Since Ubuntu 21.04 my fix to reassign the middle trackpad click using xinput to "left click" no longer works. Now whenever my hand drifts to the middle of the trackpad, and I click on an application icon, I open up a copy of the current application. Or if I am in a program I end up pasting something I didn't want to. So I tried instead gnome-tweaks, which you can easily install using apt-get in terminal:
sudo apt-get install gnome-tweaks
Now lauch gnome-tweaks (e.g. by typing gnome-tweaks in Terminal) and select "Keyboard and Mouse". There is a section there called "Mouse click emulation". There are three settings:
- Fingers: all single trackpad clicks are left-clicks but you can simulate a right click by tapping with two fingers. I find this the most comfortable setting.

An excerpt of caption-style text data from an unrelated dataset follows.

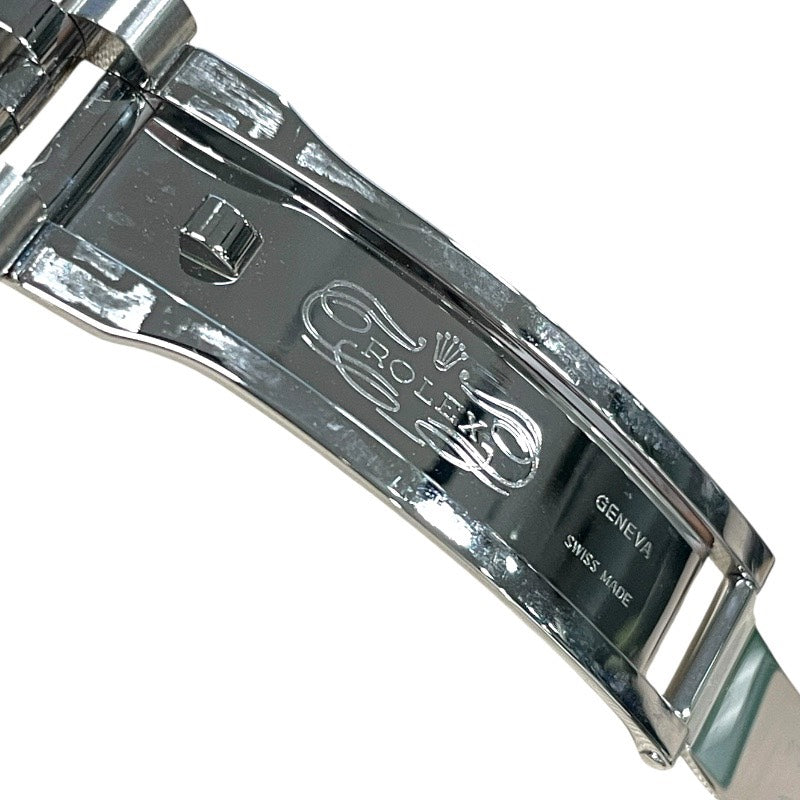 【ROLEX】ロレックス デイトジャスト ターノグラフ 116264 腕時計 SS/WG メンズ G番 自動巻き 黒文字盤 ブラック ジュビリーブレス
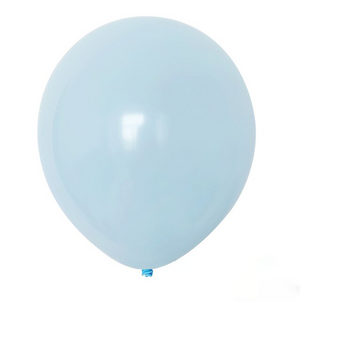 10pcs - 12cm (5")  Pastel Balloons - Blue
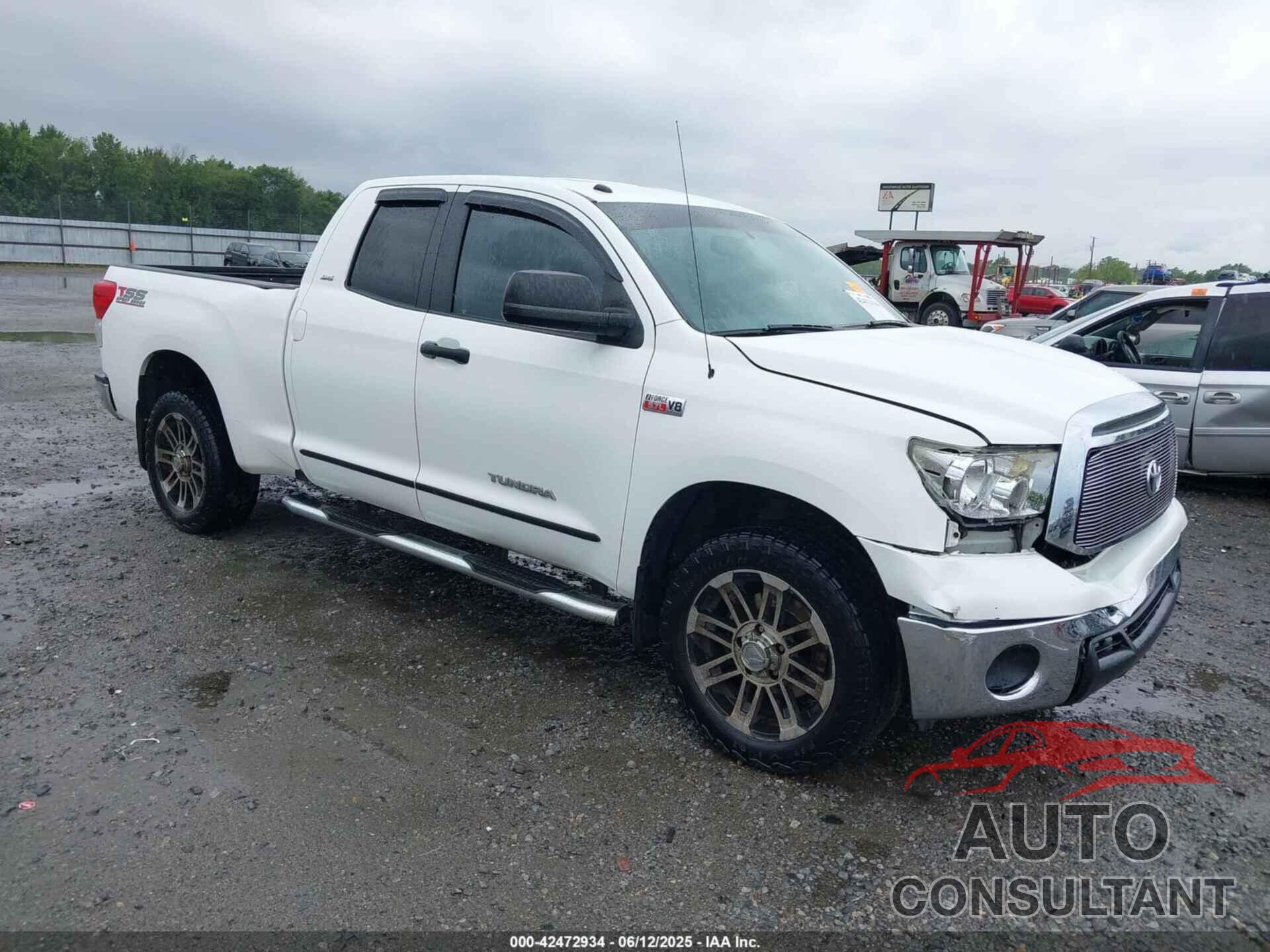 TOYOTA TUNDRA 2012 - 5TFUW5F19CX258672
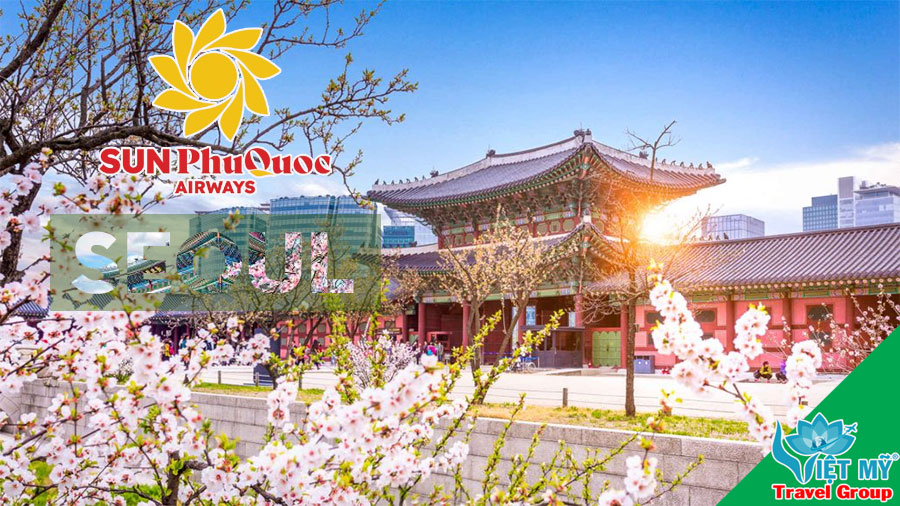 Sun PhuQuoc Airways mở bán đường bay Phú Quốc - Seoul Hàn Quốc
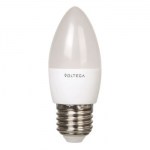Лампа светодиодная Voltega Simple Light LED Свеча 5.4W E27 4000K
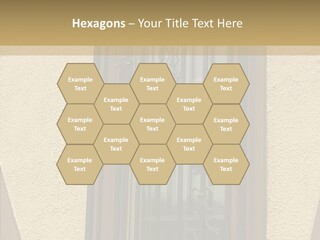 Iron Architecture Building PowerPoint Template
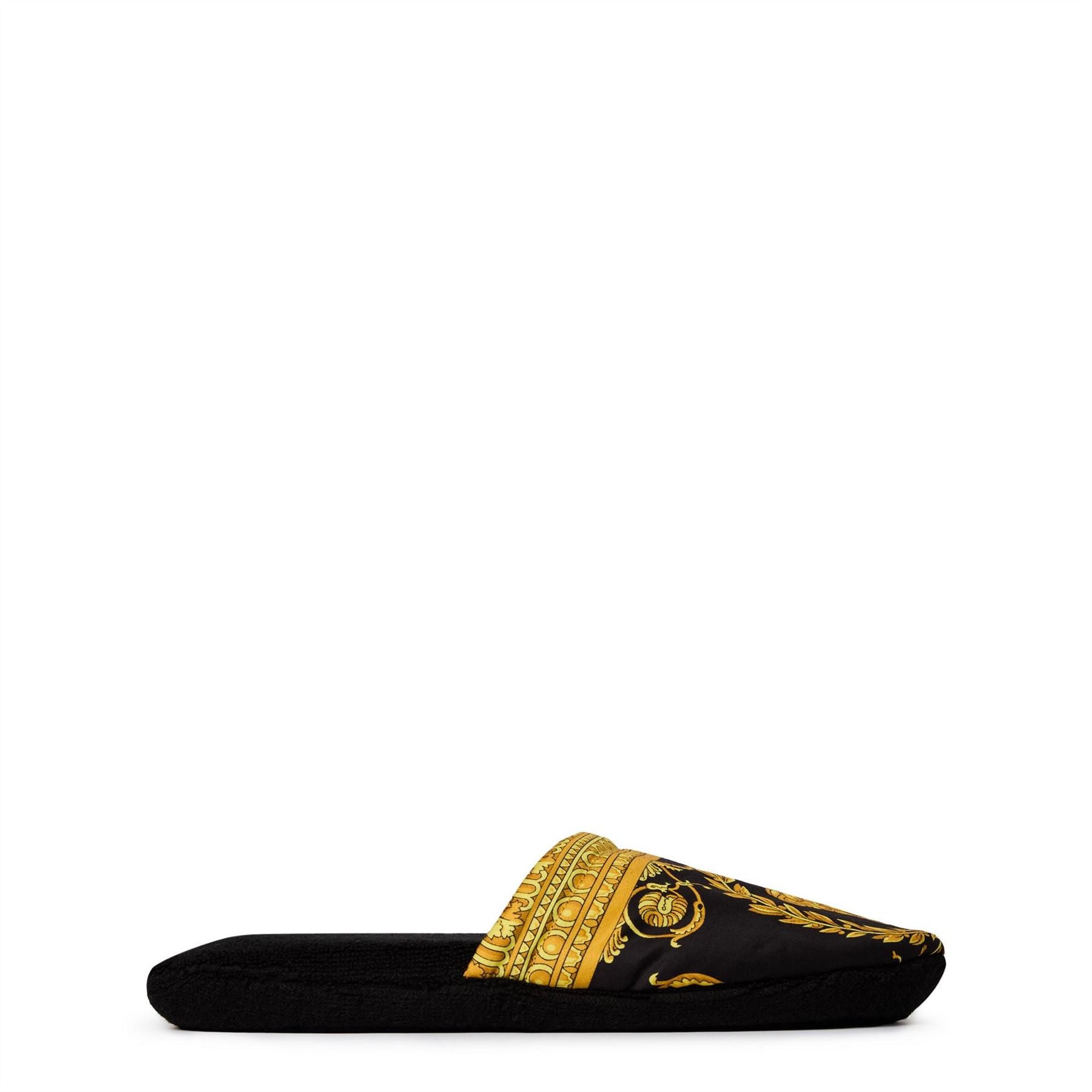 Versace Home Baroque Slippers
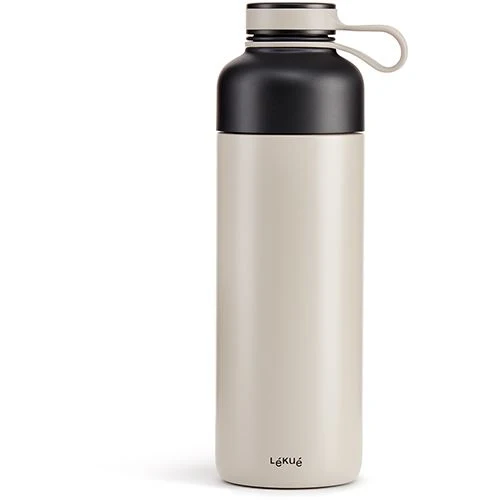 Garrafa Térmica Lékué To Go - 500ml - Cinzento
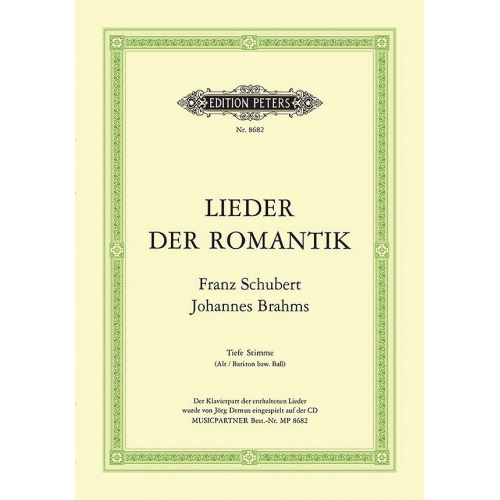 Album - Selected Lieder by Schubert & Brahms
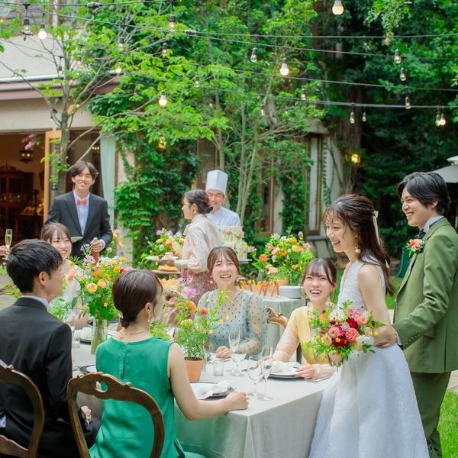 ラ・クラリエール：◇大自然に包まれたガーデンウエディング×豪華試食◇ALL体験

- Area: this is the default. the trackpad is divided into three areas. The bottom middle of the trackpad is middle click, leaving very little space for left-click which is dominant.
- Disabled: all clicks on the trackpad are left-clicks. I find this useless as you must have right click in many cases.
There is also a setting to disable middle click paste. I turned that off as I do not want middle click at all. Middle click makes sense with a mouse where you have tactile feedback as to what you are pressing but on a featureless trackpad you can only middle-click reliably if you stare at it the whole time. For terminal copy and paste I use shift-control-c and shift-control-v. With option 1 above you can still have middle click paste with a three-finger tap.